The Pioneer Press/TwinCities.com, after finalizing a lease Tuesday, announced that its headquarters is moving to River Park Plaza on St. Paul’s West Side, just across the Robert Street Bridge from downtown St. Paul.

River Park Plaza, an eight-story, 300,000-square-foot facility built in 1988, fronts the Mississippi River. The Pioneer Press/TwinCities.com will occupy an entire floor, plus additional space for a data center and other operations.

The move is scheduled for late 2015 or early 2016.

It will be the first time in the newspaper’s 165-year history that it will be headquartered outside downtown St.
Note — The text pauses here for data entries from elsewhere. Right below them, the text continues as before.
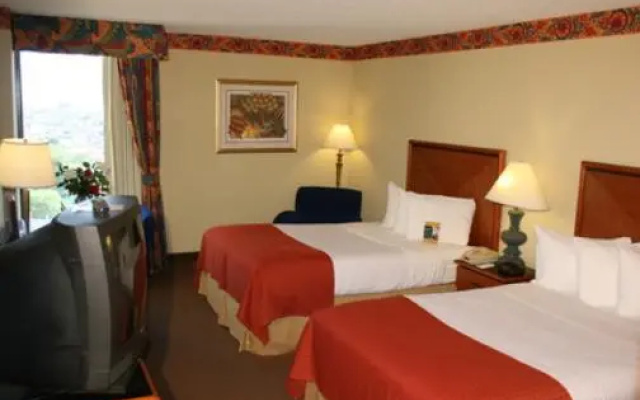 Holiday Inn Civic Center Laredo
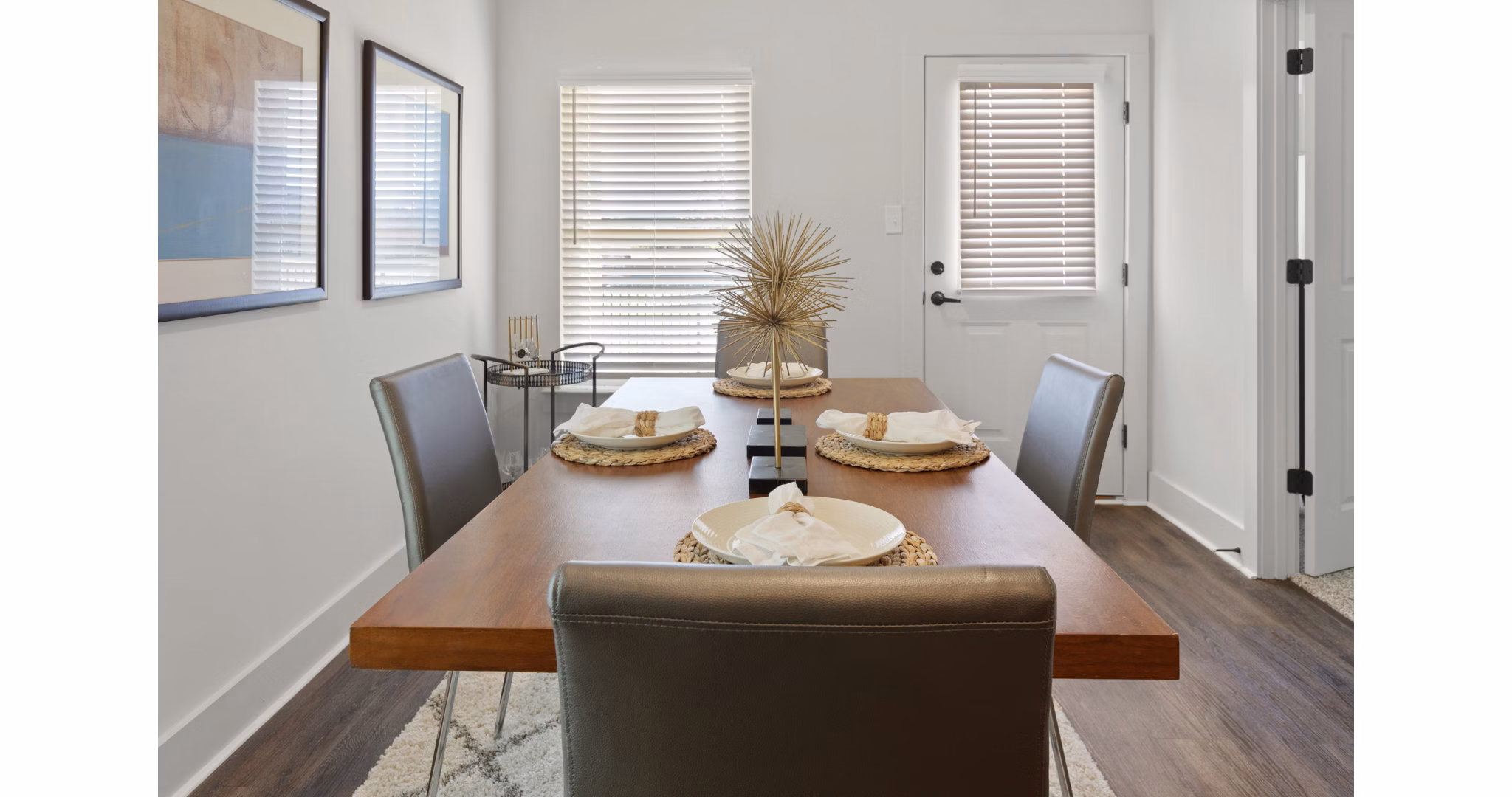 dining room at Hardy Springs Apartments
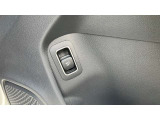 運転席からトランク操作できます☆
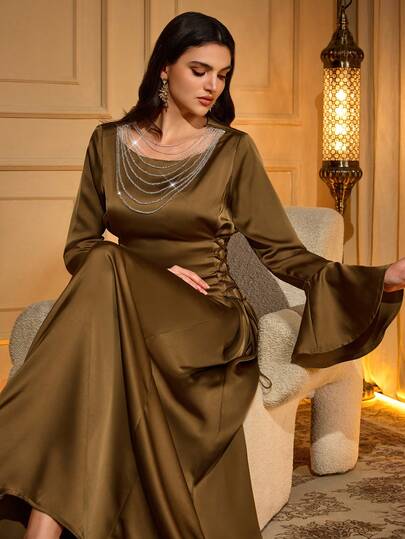 优雅纯色阿拉伯连衣裙，梭织面料，圆领，水钻项链，侧边系带腰身，优雅喇叭袖传统礼服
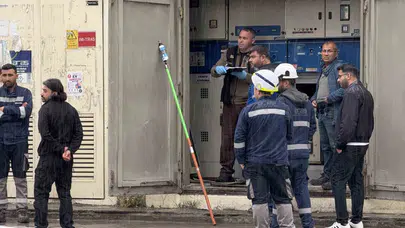 Iğdır'da korku dolu anlar: Arıza gidermeye çalışan işçi akıma kapıldı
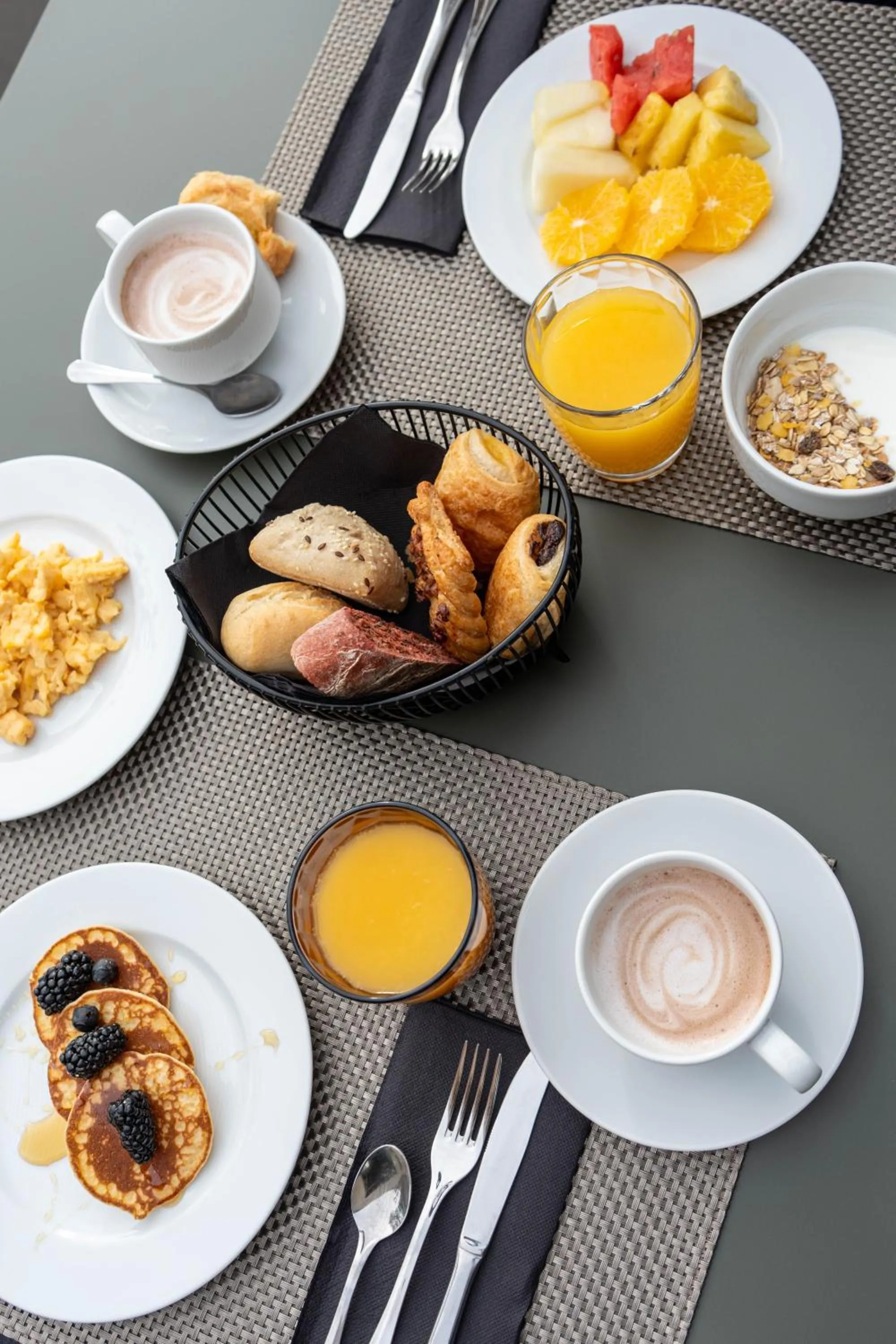 Buffet breakfast in The Lince Braga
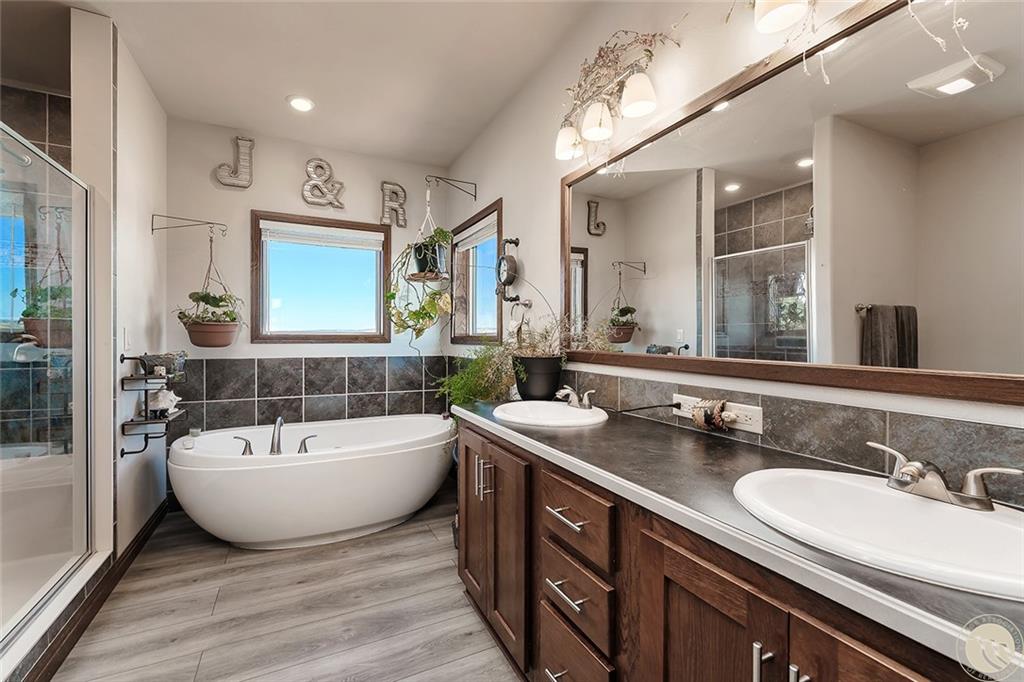 11 E Upper Flat Rd. Property Photo 22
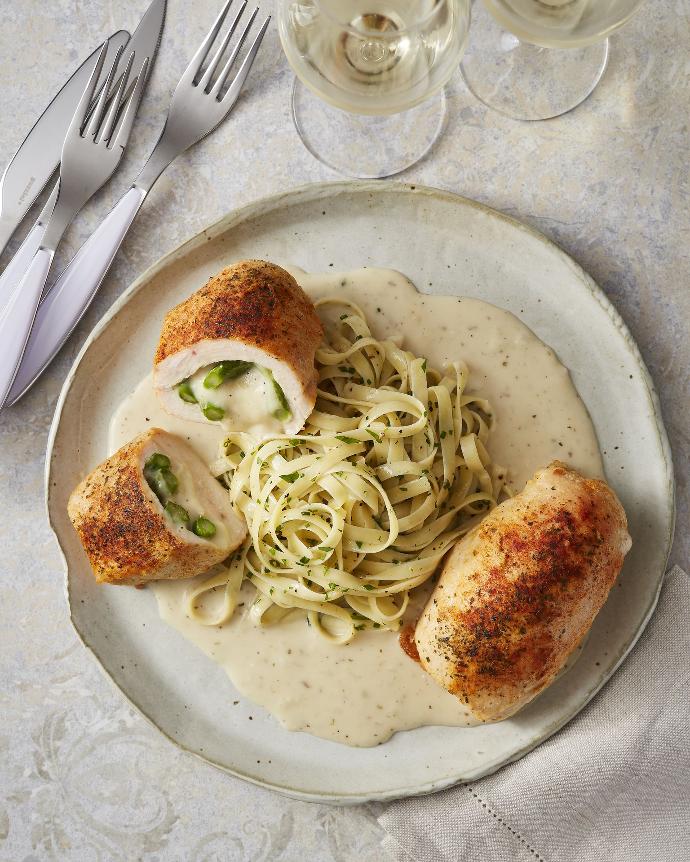 [1295] Stuffed chicken - Asparagus and cheese (Californian sauce included) (1 portion)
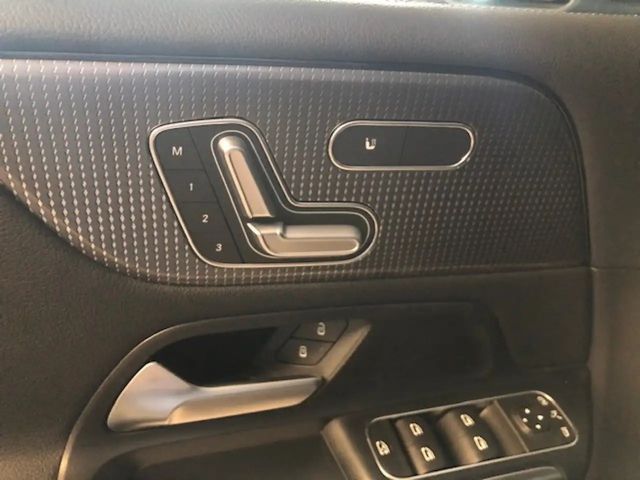 Mercedes-Benz GLA 180 Progressive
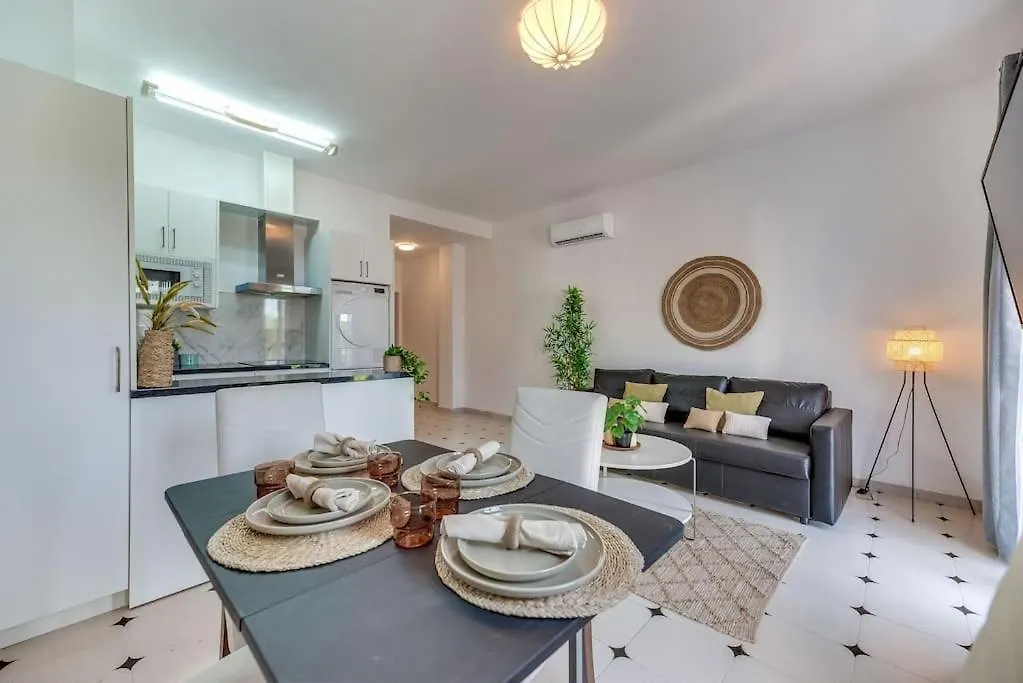 Lxr La Perla Renovated 2Hab. Apt بينالماذينا 0*,  إسبانيا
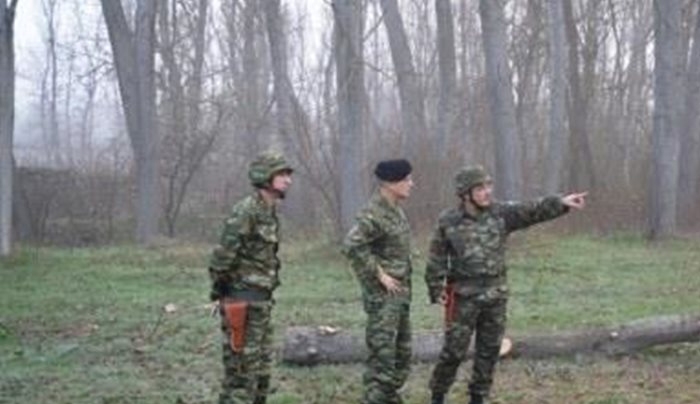 Περιπολία στη συνοριακή γραμμή του Έβρου από τον αρχηγό του ΓΕΣ [εικόνες]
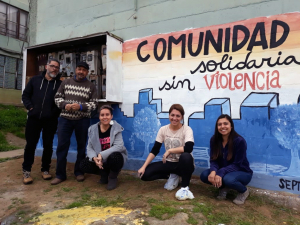 Equipo en terreno pinta mural para cambiar aspecto de población Bruselas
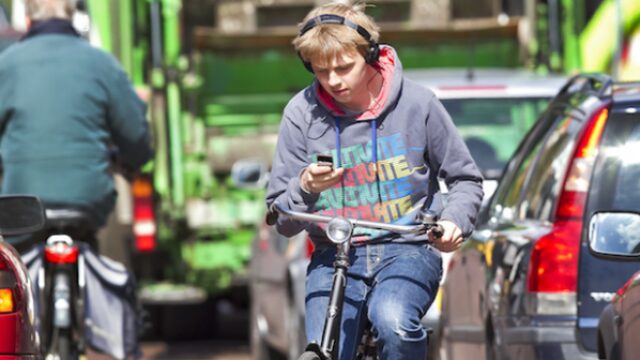 Dit is waarom we verslaafd zijn aan onze smartphone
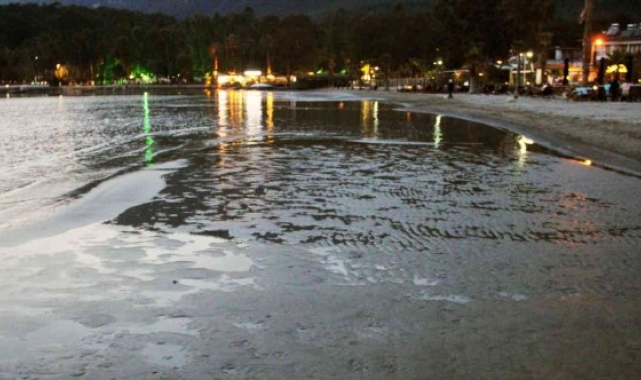 Akyaka'da ürküten görüntü, süper gelgitler başladı, deniz suyu 50 metre çekildi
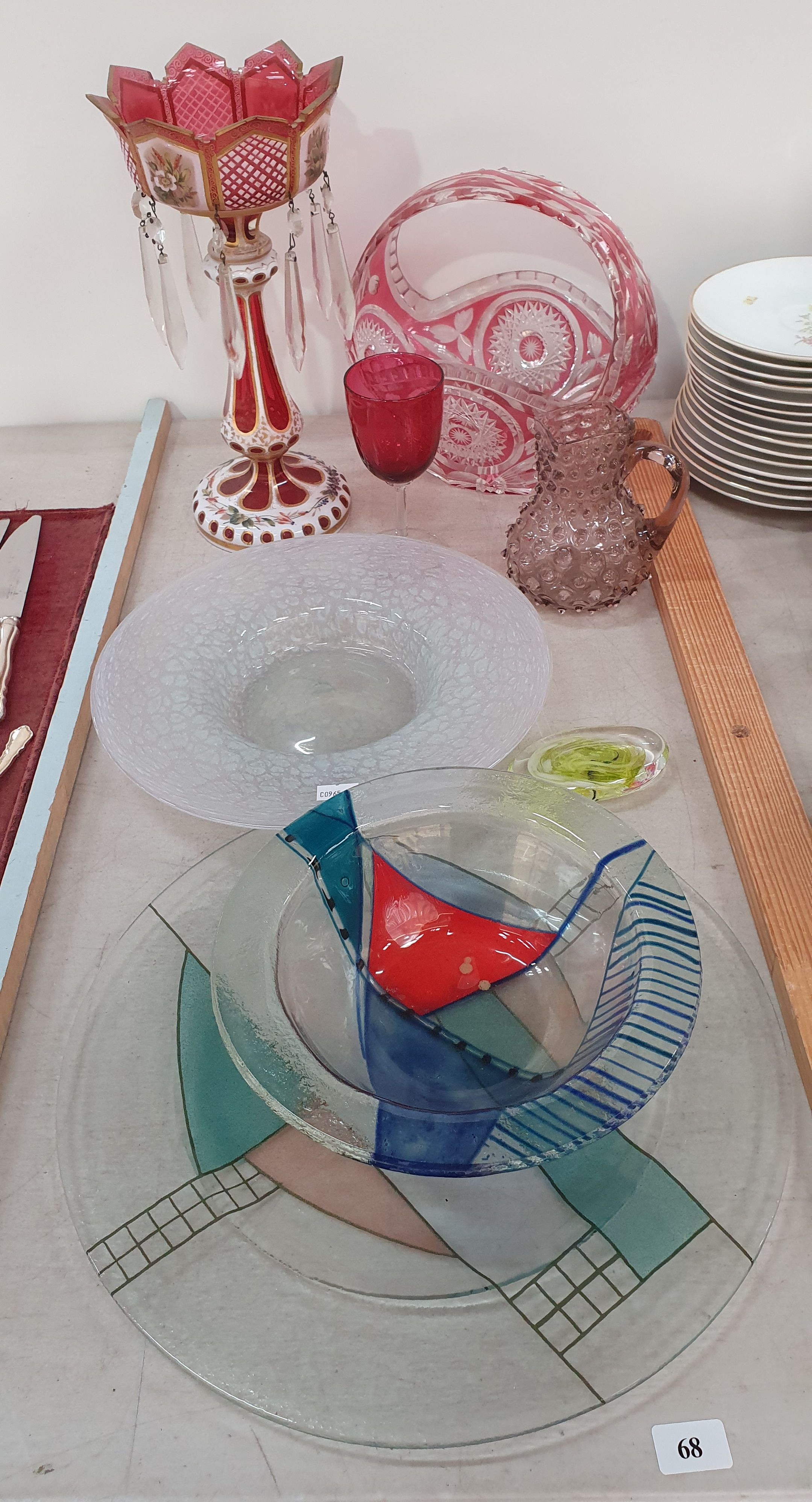 68 · A GROUP OF GLASS AND CRYSTAL WARE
Paul — if just barely outside.

“The new work space will include considerable upgrades that support our increased digital focus,” Associate Publisher Greg Mazanec said. “In addition to growing print circulation market share to 70 percent, up 10 points over the last decade, the Pioneer Press has put up double-digit, industry-leading digital revenue growth for five consecutive years. And our new offices will be designed to support that kind of growth into the future.

“As a practical matter, the parking will be great, and the views of the river and St. Paul skyline spectacular. This really is a great opportunity to reset the work environment as we move ahead. The team members I’ve spoken with are enthusiastic about the move, and why shouldn’t they be?”

As reported last week, the downtown St. Paul headquarters of the Pioneer Press/TwinCities.com, the company’s home since 1984, has been sold to Stencil Group II LLC, a real estate developer headquartered in Sioux Falls, S.D. That sale closed June 12.

Neither the terms of the lease nor of the sale were disclosed.

Stencil Group plans to convert the newspaper’s current home at 345 Cedar St. into multifamily housing. The project is still in the design phase, but CEO Nate Stencil said he expects that the eight-story building will accommodate 150 to 168 market-rate rental units.

Stencil said his company was attracted to the building’s location on the Green Line light rail and the skyway system, as well as its open floor plates.

“It’s a fairly clean and attractive opportunity for a conversion,” Stencil said. “From a demolition standpoint, there aren’t a lot of interior walls.”

He expects to begin construction around Jan. 1 and open the building to tenants in late summer or early fall 2016. This will be the Stencil Group’s first housing development in the Twin Cities.

The sale of the Pioneer Press’ headquarters came two weeks after the sale of its former printing plant on the West Side.

Digital First Media, parent company of the Pioneer Press, put 345 Cedar on the market in late 2012 for $4.2 million.

The Pioneer Press has operated out of 345 Cedar since October 1984. The newspaper bought the building from Ecolab in 1983 for $6 million and spent an additional $5.6 million renovating it. It was built in 1955 as the headquarters for the Minnesota Mutual Life Insurance Co., now known as Securian.

The eight-story River Park Plaza building — known as the Comcast building because of its anchor tenant — is on the west bank of the Mississippi, facing downtown. About one-third of its office space is vacant.